- _THE RECORDS_
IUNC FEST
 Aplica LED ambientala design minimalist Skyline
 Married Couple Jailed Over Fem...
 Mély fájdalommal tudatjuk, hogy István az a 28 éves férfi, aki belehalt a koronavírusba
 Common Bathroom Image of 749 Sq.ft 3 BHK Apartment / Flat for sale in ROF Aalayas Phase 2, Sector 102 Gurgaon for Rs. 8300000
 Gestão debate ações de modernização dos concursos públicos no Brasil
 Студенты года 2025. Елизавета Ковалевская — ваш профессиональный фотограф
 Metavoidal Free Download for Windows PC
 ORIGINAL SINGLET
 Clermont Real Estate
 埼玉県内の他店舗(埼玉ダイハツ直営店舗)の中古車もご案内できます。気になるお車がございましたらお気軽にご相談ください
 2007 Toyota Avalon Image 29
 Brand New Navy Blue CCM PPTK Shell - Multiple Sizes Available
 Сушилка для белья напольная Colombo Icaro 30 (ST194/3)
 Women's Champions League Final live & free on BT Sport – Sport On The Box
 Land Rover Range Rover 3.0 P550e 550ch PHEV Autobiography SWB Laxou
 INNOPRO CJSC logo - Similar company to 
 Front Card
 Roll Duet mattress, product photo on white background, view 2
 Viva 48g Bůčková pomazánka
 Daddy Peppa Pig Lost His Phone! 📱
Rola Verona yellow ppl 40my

- _HOW TO COMPLETE THIS TASK_
The response should be the listing above, limited to the lines between the one holding "Metavoidal Free Download for Windows PC" and the one holding "Сушилка для белья", inclusive, reproduced exactly.

- _ANSWER TO THE EXERCISE_
 Metavoidal Free Download for Windows PC
 ORIGINAL SINGLET
 Clermont Real Estate
 埼玉県内の他店舗(埼玉ダイハツ直営店舗)の中古車もご案内できます。気になるお車がございましたらお気軽にご相談ください
 2007 Toyota Avalon Image 29
 Brand New Navy Blue CCM PPTK Shell - Multiple Sizes Available
 Сушилка для белья напольная Colombo Icaro 30 (ST194/3)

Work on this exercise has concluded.